Below are records with pictures in them. Transcribe everything from the line containing "nano･universe「" down to the line containing "A striking silhouette", exactly, and leave the pictures behind.

##### Information given #####

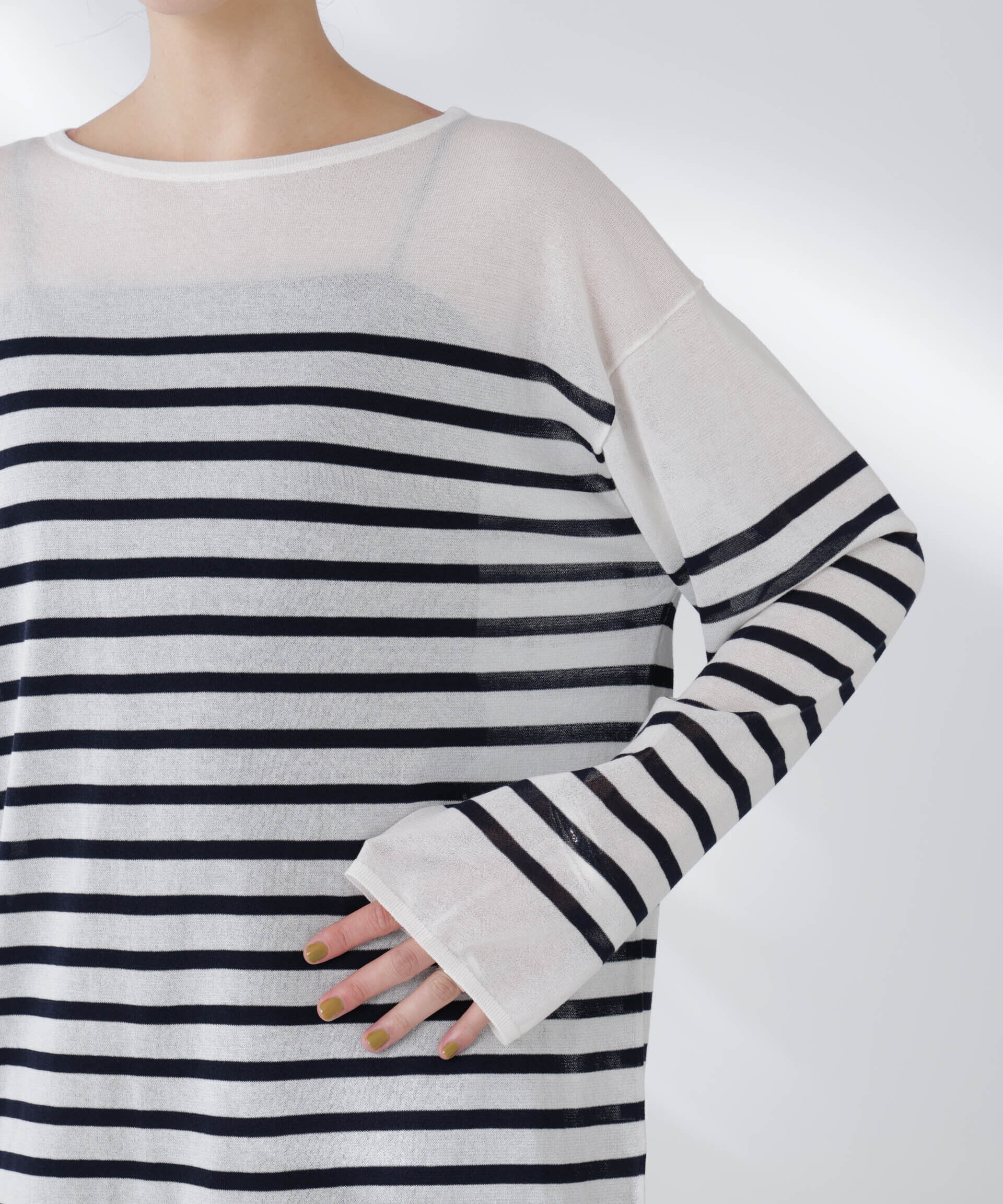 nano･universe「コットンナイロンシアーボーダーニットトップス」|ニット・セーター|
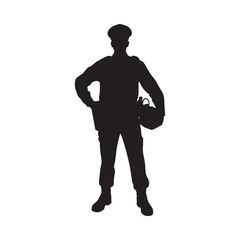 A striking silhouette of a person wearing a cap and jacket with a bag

#####
##### Information given #####

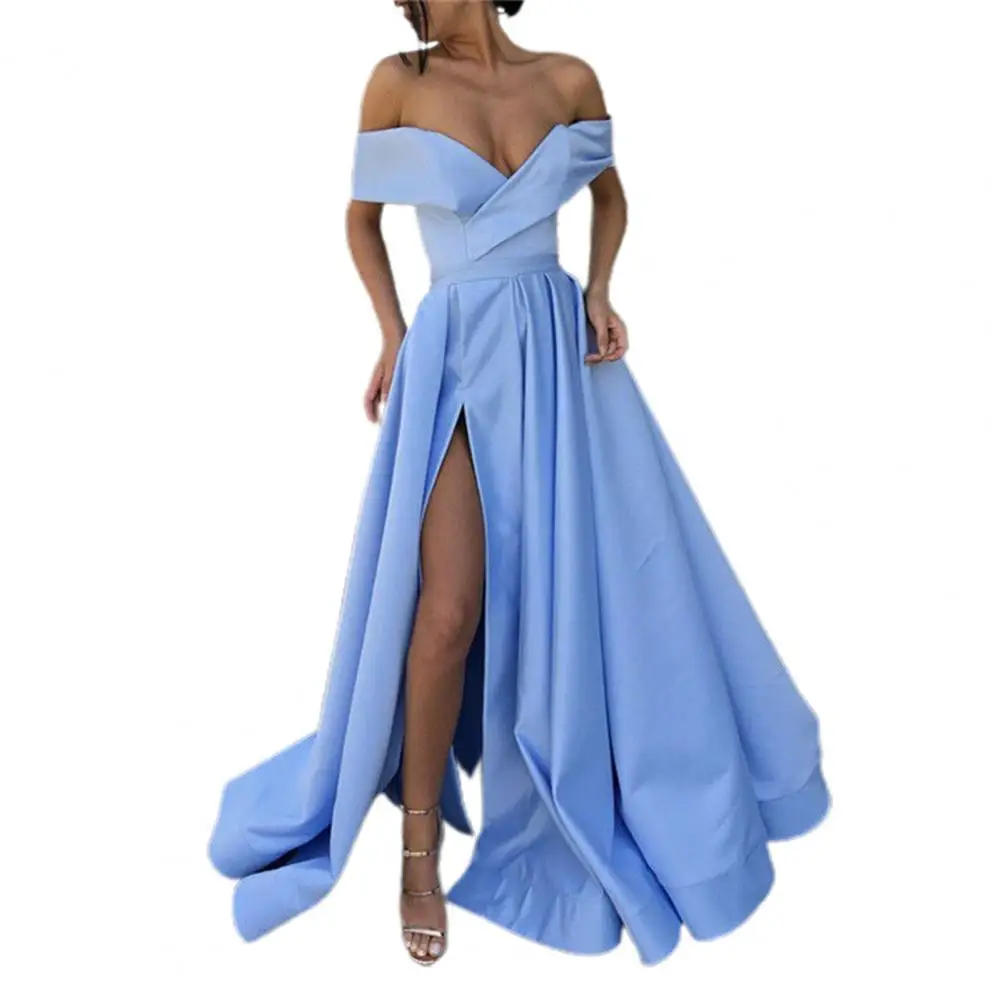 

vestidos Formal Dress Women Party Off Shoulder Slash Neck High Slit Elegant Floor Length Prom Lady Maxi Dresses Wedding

#####

» The answer:
 nano･universe「コットンナイロンシアーボーダーニットトップス」|ニット・セーター|
 A striking silhouette of a person wearing a cap and jacket with a bag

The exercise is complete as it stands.